- _Work task_: Would you copy, word for word, each line from the one with "Son bóng Macy's" to the end of the listing below, skipping all pictures?

- _The data_:

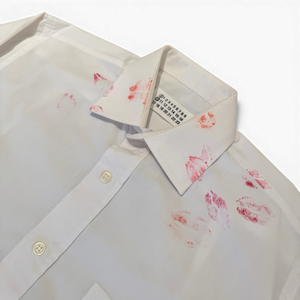 Maison Martin Margiela 2006 Artisanal Kiss Shirt 1 of 45
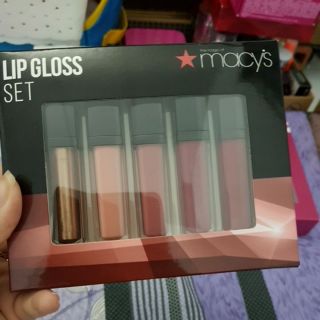 Son bóng Macy's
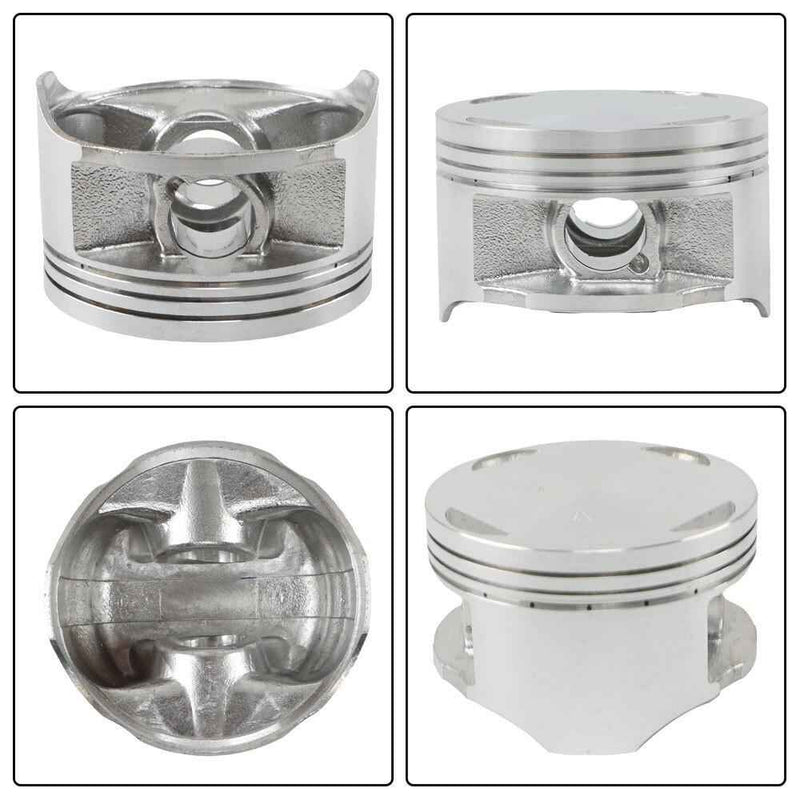 DURAFORCE 2009-2014 For Honda TRX400 X 2×4 New ATV Piston Cylinder Camshaft 10:1 Head Kit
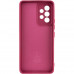 Чехол для Samsung Galaxy A32 4G Lakshmi Silicone Cover Full Camera (A) Бордовый/Marsala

- _Answer for this exercise_:
 Son bóng Macy's
 DURAFORCE 2009-2014 For Honda TRX400 X 2×4 New ATV Piston Cylinder Camshaft 10:1 Head Kit
 Чехол для Samsung Galaxy A32 4G Lakshmi Silicone Cover Full Camera (A) Бордовый/Marsala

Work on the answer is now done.